▸ **Records excerpted from a collection**:
◆ ◆ ◆ ◆ ◆
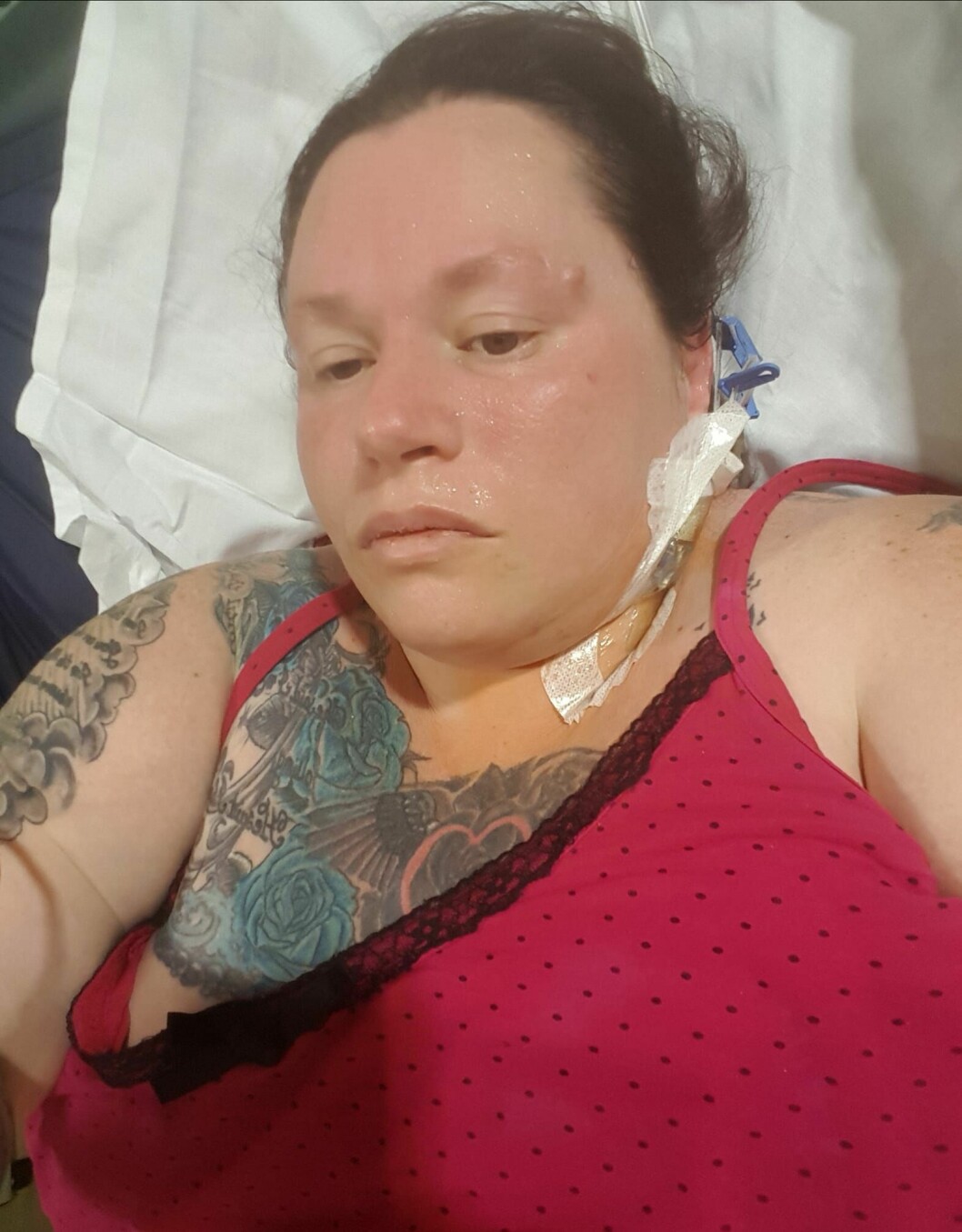 En köttätande bakterie hade kommit in i hennes operationssår. Bakterien sprider ett gift som gör att köttet runt bakterien börjar ”ruttna”. Samantha fick opereras flera gånger.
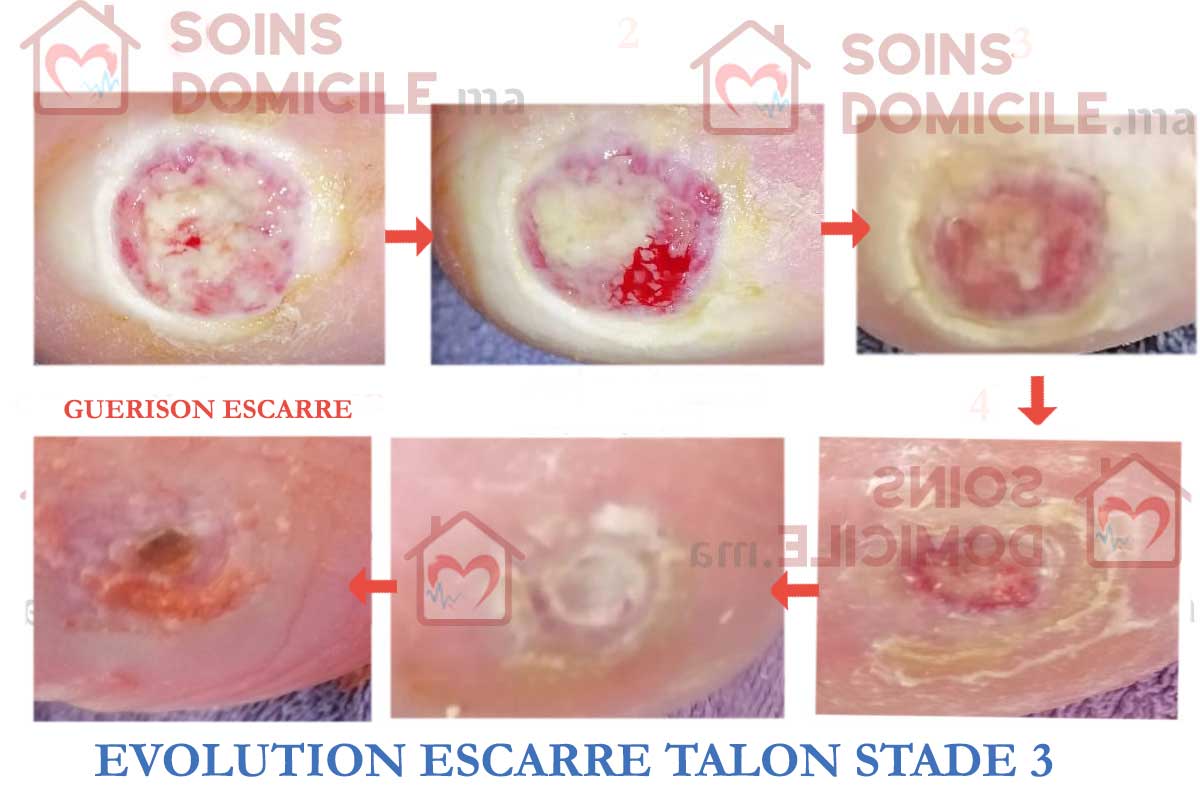 Les escarres du talon sont très douloureuses, et peuvent limiter sévèrement la mobilité, voire même conduire à des amputations chez les patients atteints de diabète.<br />
D’après le cours de notre enseignante sur les escarres, celle-ci est survenue suite à des facteurs intrinsèques tels que l’immobilisation prolongée de la patiente. En effet, Mme L. est alitée et ne peut être mobilisée. Elle est dans le refus de soins et même d’alimentation ; la dénutrition étant également un facteur favorisant, la pose d’une sonde de jéjunostomie pour alimentation entérale par laparotomie était prévue. Son diabète est également un problème car, souvent, ces patients ont une mauvaise circulation sanguine. L'escarre talonnière était de stade 4 avec exposition osseuse et les soins apportés n’avaient aucun effet. La patiente disposait d’un matelas à support dynamique à pression alternée et la décision du chirurgien fut l’amputation afin d’éviter que l’infection ne se propage dans les tissus mous et les os.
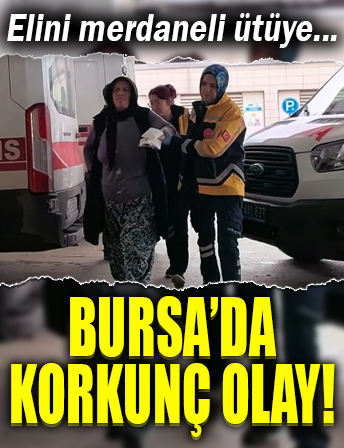Elini merdaneli ütüye sıkıştırdı! Üçüncü derece yanık meydana geldi!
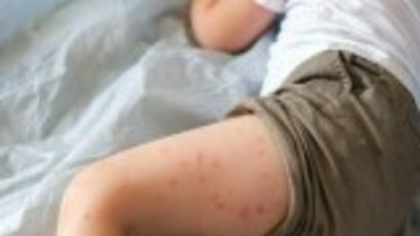 Cel puțin 49 de cazuri de rujeolă au fost înregistrate în septembrie. Vaccinările ROR continuă în întreaga țară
◆ ◆ ◆ ◆ ◆
▸ **INSTRUCTIONS FOR THE TASK**:
The records above need to be restated word for word, with the pictures left out.

▸ **SOLUTION FOR THIS EXERCISE**:
 En köttätande bakterie hade kommit in i hennes operationssår. Bakterien sprider ett gift som gör att köttet runt bakterien börjar ”ruttna”. Samantha fick opereras flera gånger.
 Les escarres du talon sont très douloureuses, et peuvent limiter sévèrement la mobilité, voire même conduire à des amputations chez les patients atteints de diabète.<br />
D’après le cours de notre enseignante sur les escarres, celle-ci est survenue suite à des facteurs intrinsèques tels que l’immobilisation prolongée de la patiente. En effet, Mme L. est alitée et ne peut être mobilisée. Elle est dans le refus de soins et même d’alimentation ; la dénutrition étant également un facteur favorisant, la pose d’une sonde de jéjunostomie pour alimentation entérale par laparotomie était prévue. Son diabète est également un problème car, souvent, ces patients ont une mauvaise circulation sanguine. L'escarre talonnière était de stade 4 avec exposition osseuse et les soins apportés n’avaient aucun effet. La patiente disposait d’un matelas à support dynamique à pression alternée et la décision du chirurgien fut l’amputation afin d’éviter que l’infection ne se propage dans les tissus mous et les os.
Elini merdaneli ütüye sıkıştırdı! Üçüncü derece yanık meydana geldi!
 Cel puțin 49 de cazuri de rujeolă au fost înregistrate în septembrie. Vaccinările ROR continuă în întreaga țară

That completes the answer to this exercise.